TASK BRIEF: The answer must consist solely of the lines below starting at the one containing "PLAYMOBIL - Politie" and ending at the one containing "Button Up Vest", repeated exactly, with both ends included and all pictures omitted.

RECORDS SUPPLIED:
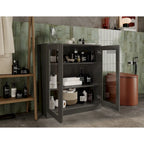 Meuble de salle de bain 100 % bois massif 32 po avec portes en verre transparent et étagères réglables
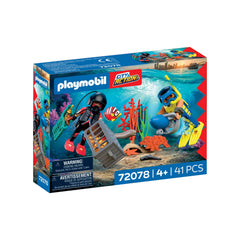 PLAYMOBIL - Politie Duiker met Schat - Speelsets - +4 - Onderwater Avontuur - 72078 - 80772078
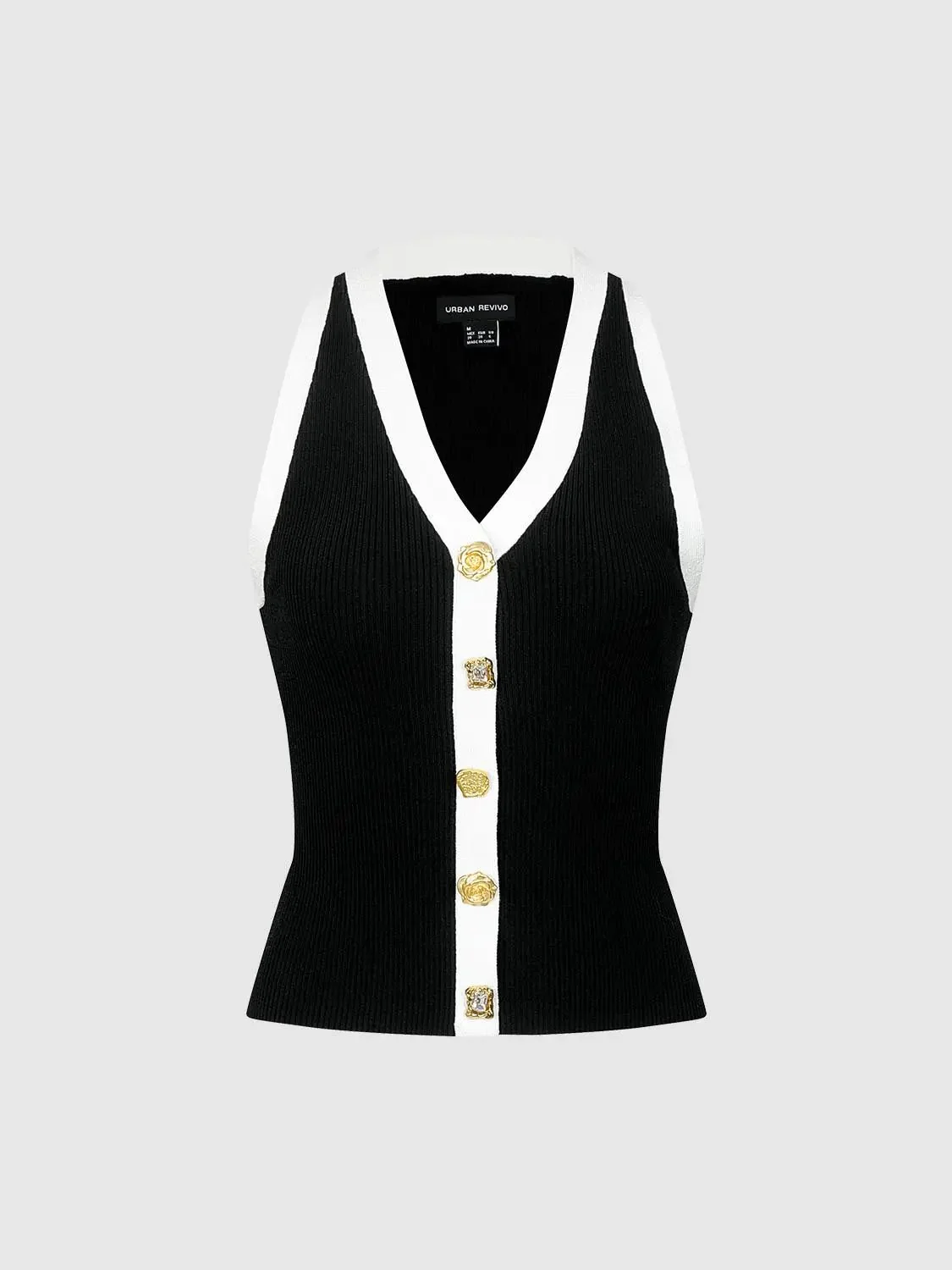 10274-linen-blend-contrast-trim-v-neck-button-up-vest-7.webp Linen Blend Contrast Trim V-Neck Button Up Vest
...
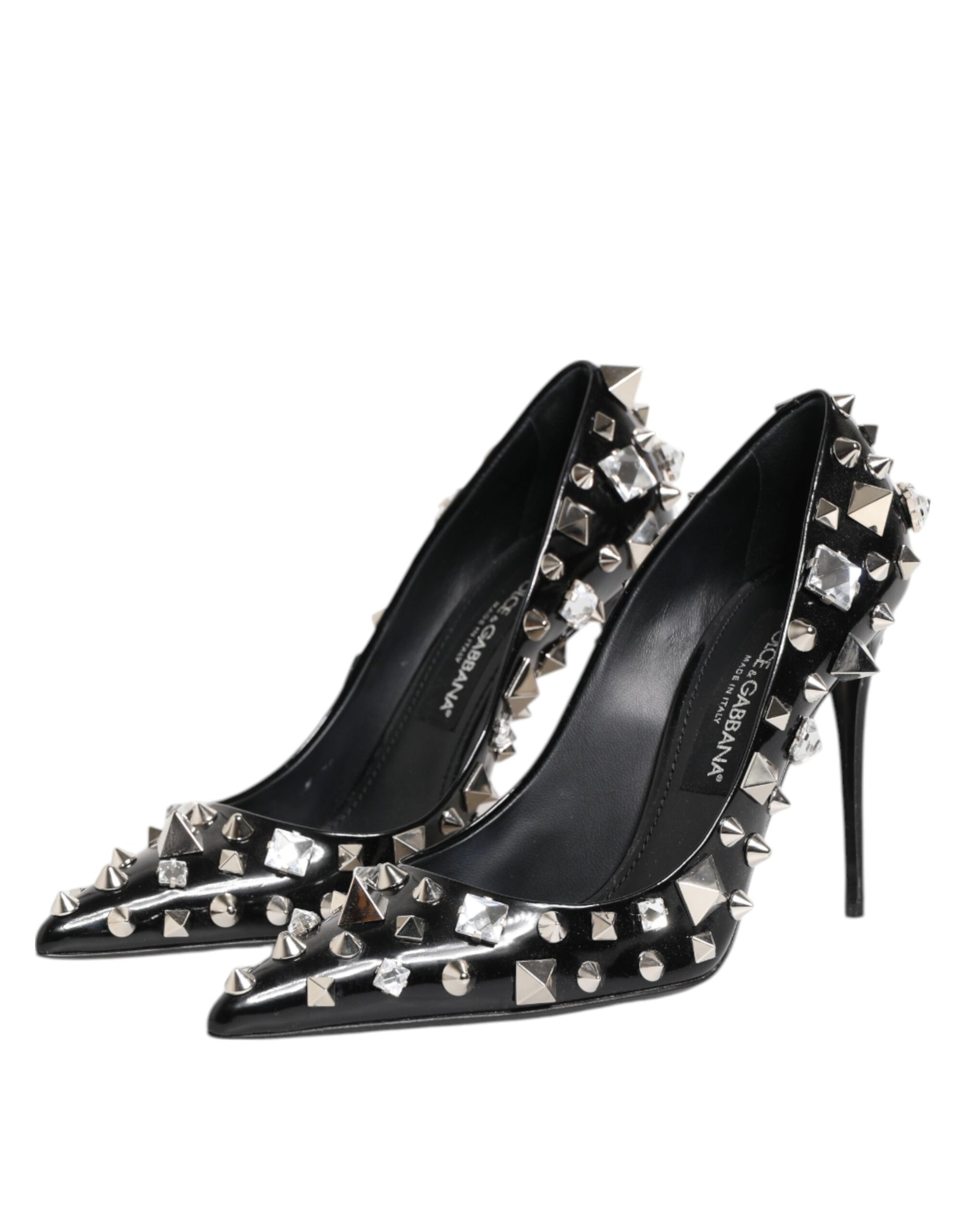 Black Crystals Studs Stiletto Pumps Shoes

TASK RESULT:
 PLAYMOBIL - Politie Duiker met Schat - Speelsets - +4 - Onderwater Avontuur - 72078 - 80772078
 10274-linen-blend-contrast-trim-v-neck-button-up-vest-7.webp Linen Blend Contrast Trim V-Neck Button Up Vest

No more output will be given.